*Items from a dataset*
◇ ◇ ◇

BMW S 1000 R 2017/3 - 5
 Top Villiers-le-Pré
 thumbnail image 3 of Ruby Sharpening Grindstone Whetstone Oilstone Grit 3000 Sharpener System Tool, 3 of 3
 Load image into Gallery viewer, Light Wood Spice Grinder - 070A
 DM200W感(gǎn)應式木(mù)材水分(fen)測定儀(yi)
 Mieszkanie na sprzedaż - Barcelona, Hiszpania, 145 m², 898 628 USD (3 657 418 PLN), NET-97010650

◇ ◇ ◇

*PROBLEM REQUIREMENTS*
Retype exactly the lines from the first line of the records above through the line containing "DM200W感(gǎn)應式木(mù)材水分(fen)測定儀(yi)", both included, and nothing else.

*ANSWER BOX*
BMW S 1000 R 2017/3 - 5
 Top Villiers-le-Pré
 thumbnail image 3 of Ruby Sharpening Grindstone Whetstone Oilstone Grit 3000 Sharpener System Tool, 3 of 3
 Load image into Gallery viewer, Light Wood Spice Grinder - 070A
 DM200W感(gǎn)應式木(mù)材水分(fen)測定儀(yi)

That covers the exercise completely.